In 2018, Jay-Z signed on as creative director of Puma Hoops. The hip hop mogul’s confidence in Ambrose’s abilities led him to introduce her to Puma CEO Bjorn Gulden and global director of brand marketing, Adam Petrick, with the hopes that she’d be able to take the brand to the next level.
“Jay, Emory Jones, and I have had many conversations about style, sport, purpose and legacy. From these conversations, Jay then introduced me to … Gulden and … Petrick,” Ambrose said. “Adam and I talked about our visions and my impact on the culture at large, and it was from these interactions that I knew a collaboration with Puma would be beautiful and transcend far beyond product.”
As a part of the new partnership, Ambrose will create a women and girl’s Puma Hoops and Title Nine collection. She’ll also help consult around social impact, youth empowerment, and gender equity issues, amplifying many of the philanthropic efforts Puma has already been working on.
Petrick spoke about Puma’s partnership with the legendary stylist, saying, “[there was an] immediate connection and an alignment of vision… she’s not a designer in the classic sense, she’s a creator, but she’ll be getting a chance to flex her design skills. [June is] an icon at the intersection between fashion, music, culture and purpose…She has a long history of that consumer’s tastes and references from years ago that give her a degree of expertise few people possess… Having the opportunity to bring an individual with such talent into the world of sports is unique, and we are excited to see how she can redefine what it means to create a sportswear collection.”
Ambrose said more than fashion; her work with Puma must continue to elevate the conversation around social justice issues impacting youth and women.
“This was definitely on my bucket list.

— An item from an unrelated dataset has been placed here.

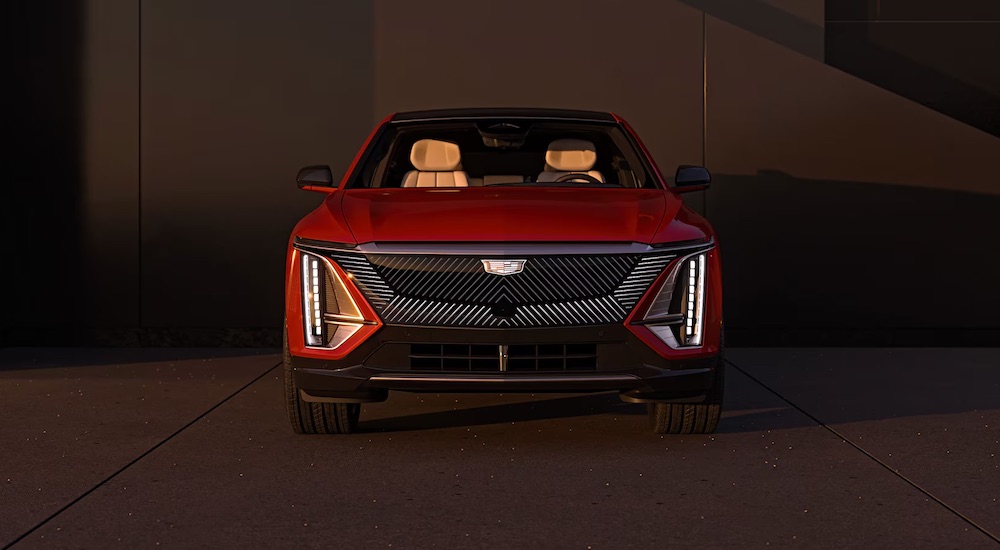 A front view of a red 2024 Cadillac LYRIQ parked in a garage.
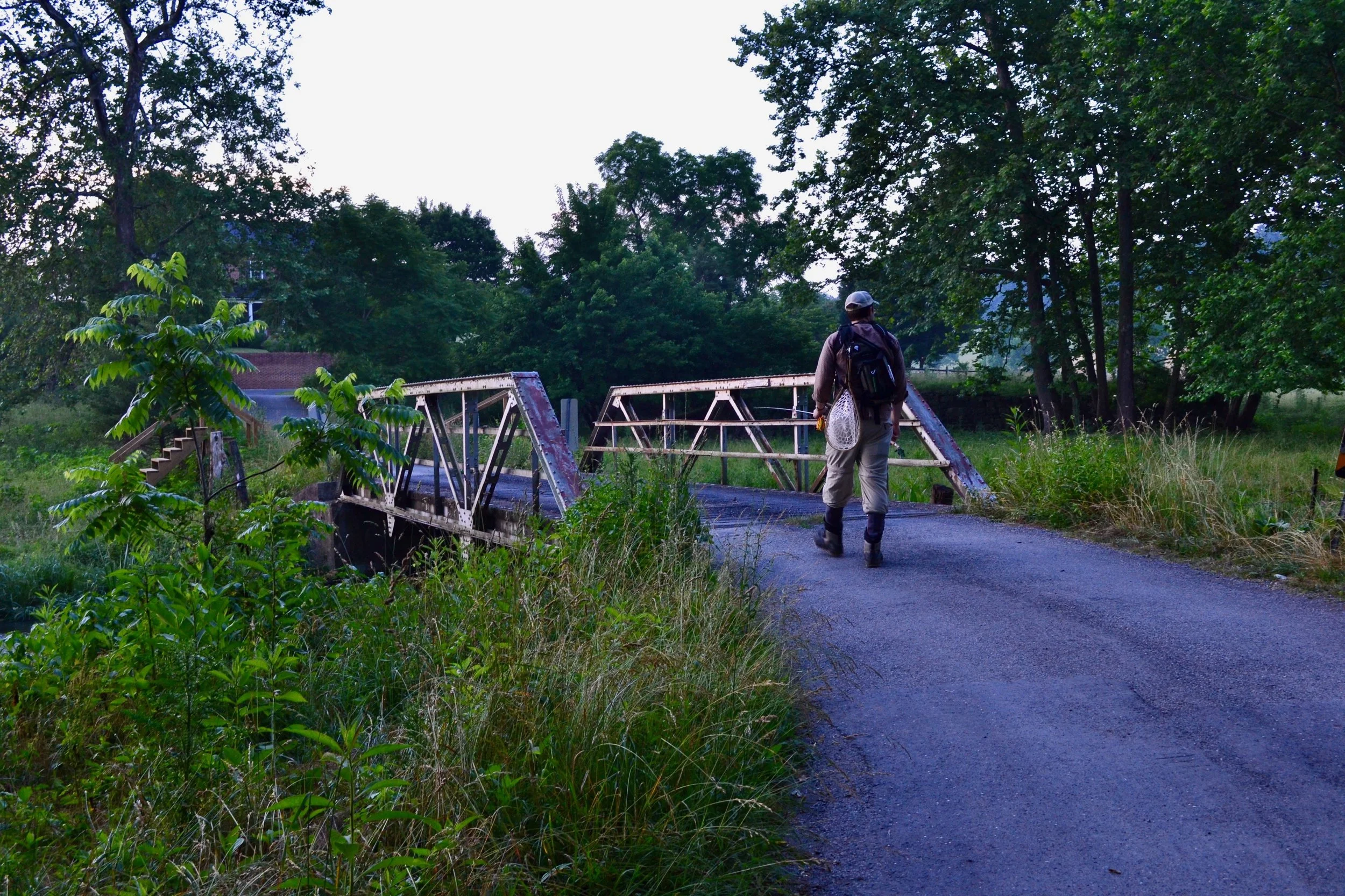 An early morning search for rising trout. Photograph by Miranda Martin. What you don't see is, Evie, our little baby catching a ride on the front of me...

To be in a position where I’m part of the development and in those meetings where we decide what we should be representing and how we can truly grow…I know that I have a big responsibility—to show people it’s not just about dressing up,” Ambrose said. “[It’s] how do we affect change? And how do we use, visually, what we’re wearing to tell a story? To feel confident and worthy, and fashion serves as the catalyst to say the things that we want…Beyond the collections, it’s important to me that the collaboration is rooted in social impact, and Puma’s work in the social justice space to empower youth through sport makes them the perfect partner.”
The June Ambrose x Puma collections are set to be released in 2021.